[Collected data]
===

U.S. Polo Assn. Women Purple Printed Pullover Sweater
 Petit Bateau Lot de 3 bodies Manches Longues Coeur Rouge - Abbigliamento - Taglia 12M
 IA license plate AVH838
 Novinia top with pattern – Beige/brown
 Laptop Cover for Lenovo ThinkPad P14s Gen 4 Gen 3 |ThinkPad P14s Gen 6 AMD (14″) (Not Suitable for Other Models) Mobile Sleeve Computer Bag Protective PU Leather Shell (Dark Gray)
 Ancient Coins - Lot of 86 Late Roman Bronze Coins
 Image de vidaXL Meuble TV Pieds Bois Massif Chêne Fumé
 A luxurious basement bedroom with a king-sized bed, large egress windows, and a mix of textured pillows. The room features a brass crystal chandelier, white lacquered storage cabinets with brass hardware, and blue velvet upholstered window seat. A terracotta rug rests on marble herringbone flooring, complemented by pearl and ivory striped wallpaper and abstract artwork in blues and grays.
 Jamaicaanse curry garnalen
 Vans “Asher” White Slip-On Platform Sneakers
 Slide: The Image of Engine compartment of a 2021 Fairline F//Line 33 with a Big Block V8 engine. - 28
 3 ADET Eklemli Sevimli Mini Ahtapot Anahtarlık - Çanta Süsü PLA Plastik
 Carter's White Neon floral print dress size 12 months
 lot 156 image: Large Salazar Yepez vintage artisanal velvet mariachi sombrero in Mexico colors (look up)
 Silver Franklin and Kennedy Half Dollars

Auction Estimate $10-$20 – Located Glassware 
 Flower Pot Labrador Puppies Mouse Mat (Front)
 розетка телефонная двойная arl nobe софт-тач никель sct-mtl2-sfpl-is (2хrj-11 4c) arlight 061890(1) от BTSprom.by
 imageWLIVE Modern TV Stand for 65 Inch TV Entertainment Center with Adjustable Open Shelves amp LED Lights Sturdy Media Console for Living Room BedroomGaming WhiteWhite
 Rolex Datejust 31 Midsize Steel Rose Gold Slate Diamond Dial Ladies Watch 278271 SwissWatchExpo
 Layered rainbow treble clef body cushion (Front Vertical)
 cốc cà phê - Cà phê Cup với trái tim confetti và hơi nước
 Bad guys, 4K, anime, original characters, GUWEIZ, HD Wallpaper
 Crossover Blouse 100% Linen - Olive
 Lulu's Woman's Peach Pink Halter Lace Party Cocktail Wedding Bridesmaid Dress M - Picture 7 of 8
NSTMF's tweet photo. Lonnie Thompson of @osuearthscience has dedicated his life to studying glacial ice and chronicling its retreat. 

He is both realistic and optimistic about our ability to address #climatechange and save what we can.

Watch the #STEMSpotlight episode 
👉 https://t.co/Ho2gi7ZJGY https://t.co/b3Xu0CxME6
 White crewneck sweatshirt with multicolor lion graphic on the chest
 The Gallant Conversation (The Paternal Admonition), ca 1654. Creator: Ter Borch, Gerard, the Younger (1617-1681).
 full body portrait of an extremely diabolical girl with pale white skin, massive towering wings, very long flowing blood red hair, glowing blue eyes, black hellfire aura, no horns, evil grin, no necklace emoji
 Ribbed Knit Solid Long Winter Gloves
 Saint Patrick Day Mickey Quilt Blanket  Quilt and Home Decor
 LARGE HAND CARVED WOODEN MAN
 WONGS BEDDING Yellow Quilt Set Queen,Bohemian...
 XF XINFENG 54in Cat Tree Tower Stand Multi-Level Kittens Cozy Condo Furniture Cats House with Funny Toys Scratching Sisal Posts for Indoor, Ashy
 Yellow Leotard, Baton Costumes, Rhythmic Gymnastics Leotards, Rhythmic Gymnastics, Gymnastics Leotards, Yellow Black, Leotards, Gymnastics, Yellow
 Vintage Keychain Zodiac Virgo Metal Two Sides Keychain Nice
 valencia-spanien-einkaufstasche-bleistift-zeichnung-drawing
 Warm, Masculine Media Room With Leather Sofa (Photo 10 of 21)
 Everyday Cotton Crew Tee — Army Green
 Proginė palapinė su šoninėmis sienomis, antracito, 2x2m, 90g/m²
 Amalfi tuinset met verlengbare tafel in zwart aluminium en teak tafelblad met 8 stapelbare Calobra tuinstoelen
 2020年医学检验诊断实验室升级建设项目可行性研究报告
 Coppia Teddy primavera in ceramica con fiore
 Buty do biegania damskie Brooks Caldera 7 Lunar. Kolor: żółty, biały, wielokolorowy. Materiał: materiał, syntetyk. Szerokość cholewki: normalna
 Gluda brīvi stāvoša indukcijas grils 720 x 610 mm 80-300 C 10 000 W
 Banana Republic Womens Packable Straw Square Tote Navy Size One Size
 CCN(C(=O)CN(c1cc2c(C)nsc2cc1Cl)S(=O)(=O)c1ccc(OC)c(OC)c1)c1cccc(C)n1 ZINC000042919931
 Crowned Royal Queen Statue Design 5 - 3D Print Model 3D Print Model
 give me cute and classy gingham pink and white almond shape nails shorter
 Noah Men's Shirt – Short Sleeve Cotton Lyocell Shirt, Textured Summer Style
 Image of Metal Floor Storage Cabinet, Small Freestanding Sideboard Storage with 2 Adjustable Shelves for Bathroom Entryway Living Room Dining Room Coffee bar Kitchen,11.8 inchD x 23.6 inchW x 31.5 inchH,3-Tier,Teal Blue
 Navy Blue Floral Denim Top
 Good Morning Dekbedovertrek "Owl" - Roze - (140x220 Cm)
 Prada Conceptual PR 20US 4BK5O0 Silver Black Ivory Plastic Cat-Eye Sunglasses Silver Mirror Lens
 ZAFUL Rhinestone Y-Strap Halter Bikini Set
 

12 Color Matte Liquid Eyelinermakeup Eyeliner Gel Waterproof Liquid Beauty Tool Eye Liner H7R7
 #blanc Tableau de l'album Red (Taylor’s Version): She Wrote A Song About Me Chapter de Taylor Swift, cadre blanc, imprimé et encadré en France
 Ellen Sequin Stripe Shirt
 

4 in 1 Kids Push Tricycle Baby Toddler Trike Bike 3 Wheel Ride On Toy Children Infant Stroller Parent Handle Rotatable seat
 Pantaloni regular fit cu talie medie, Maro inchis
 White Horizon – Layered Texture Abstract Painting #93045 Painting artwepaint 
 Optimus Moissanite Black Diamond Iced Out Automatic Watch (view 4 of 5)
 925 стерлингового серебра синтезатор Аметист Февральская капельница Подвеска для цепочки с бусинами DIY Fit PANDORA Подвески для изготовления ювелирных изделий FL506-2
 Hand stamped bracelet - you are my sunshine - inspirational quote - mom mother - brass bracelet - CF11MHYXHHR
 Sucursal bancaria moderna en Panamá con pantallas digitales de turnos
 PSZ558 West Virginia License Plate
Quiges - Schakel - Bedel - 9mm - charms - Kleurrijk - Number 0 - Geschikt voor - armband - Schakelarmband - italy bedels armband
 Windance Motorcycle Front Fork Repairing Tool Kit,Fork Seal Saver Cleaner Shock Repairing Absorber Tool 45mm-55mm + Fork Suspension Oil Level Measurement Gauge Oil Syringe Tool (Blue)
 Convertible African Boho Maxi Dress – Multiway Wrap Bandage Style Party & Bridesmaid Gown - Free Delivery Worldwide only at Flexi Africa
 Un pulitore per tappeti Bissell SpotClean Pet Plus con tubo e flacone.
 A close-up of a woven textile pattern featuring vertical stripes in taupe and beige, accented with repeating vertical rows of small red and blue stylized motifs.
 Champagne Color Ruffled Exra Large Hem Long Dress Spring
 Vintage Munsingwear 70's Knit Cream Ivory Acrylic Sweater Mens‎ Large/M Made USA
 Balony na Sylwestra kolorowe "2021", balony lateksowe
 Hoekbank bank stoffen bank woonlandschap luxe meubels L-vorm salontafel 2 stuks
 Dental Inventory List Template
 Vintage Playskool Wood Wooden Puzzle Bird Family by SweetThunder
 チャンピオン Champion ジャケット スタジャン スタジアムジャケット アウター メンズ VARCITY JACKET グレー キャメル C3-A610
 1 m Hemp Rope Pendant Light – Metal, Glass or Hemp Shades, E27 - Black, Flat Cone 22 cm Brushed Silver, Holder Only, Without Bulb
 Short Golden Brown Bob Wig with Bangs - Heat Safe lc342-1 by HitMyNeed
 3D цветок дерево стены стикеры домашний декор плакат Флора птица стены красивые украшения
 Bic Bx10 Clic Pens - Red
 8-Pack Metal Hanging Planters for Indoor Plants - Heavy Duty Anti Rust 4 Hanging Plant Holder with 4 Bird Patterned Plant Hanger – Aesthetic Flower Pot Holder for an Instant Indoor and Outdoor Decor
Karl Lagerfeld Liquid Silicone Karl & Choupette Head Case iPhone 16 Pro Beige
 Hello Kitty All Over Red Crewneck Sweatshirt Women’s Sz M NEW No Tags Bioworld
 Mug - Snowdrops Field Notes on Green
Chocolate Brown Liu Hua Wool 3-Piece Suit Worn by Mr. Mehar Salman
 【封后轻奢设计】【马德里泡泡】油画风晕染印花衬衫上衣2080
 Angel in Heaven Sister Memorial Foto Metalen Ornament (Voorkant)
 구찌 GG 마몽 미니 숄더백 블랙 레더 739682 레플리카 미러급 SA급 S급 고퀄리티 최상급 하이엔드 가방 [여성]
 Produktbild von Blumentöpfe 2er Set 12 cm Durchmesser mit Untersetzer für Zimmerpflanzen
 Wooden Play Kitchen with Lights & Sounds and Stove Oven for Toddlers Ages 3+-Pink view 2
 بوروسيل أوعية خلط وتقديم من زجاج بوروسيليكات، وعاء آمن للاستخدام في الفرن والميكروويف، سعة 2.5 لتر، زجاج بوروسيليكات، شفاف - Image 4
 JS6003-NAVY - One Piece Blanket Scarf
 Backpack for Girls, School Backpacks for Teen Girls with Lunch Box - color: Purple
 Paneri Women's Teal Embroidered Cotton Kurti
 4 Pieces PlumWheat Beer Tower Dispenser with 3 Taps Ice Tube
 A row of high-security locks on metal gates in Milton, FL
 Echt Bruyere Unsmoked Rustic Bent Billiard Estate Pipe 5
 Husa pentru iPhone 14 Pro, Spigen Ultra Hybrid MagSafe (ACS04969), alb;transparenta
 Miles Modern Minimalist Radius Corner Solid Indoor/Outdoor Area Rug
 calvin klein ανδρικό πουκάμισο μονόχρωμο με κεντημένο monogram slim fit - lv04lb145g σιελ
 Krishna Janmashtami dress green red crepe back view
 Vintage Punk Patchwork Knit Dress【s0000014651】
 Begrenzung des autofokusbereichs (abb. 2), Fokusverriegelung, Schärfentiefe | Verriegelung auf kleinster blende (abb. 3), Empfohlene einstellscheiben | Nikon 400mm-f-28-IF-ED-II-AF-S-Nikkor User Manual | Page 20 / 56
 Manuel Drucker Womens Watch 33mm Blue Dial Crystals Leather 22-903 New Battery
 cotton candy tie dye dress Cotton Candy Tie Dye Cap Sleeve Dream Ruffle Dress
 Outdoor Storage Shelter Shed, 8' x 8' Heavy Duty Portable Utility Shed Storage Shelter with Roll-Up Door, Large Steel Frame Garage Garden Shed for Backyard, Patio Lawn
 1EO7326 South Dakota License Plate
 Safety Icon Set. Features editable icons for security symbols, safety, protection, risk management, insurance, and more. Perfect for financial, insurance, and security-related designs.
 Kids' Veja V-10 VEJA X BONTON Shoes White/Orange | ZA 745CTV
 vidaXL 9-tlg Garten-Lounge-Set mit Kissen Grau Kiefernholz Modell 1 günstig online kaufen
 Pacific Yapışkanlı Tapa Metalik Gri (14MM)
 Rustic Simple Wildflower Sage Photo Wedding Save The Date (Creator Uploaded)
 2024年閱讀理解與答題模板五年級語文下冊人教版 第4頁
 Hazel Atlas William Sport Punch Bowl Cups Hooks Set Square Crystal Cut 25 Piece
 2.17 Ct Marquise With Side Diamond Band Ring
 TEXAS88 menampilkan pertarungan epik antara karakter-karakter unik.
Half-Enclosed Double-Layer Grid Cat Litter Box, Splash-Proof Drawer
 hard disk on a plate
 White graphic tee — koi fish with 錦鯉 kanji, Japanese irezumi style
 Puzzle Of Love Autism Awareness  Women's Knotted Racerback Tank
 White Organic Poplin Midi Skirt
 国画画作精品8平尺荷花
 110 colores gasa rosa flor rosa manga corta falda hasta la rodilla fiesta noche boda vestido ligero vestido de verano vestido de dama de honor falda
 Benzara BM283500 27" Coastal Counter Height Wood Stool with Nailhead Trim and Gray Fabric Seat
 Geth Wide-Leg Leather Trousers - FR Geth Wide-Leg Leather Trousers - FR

===

▶ [Task instructions] Looking at the records above, return exactly the lines from the line with "cotton candy tie dye dress" to the line with "1EO7326 South Dakota License Plate", both ends included.

▶ [Result of the task]
 cotton candy tie dye dress Cotton Candy Tie Dye Cap Sleeve Dream Ruffle Dress
 Outdoor Storage Shelter Shed, 8' x 8' Heavy Duty Portable Utility Shed Storage Shelter with Roll-Up Door, Large Steel Frame Garage Garden Shed for Backyard, Patio Lawn
 1EO7326 South Dakota License Plate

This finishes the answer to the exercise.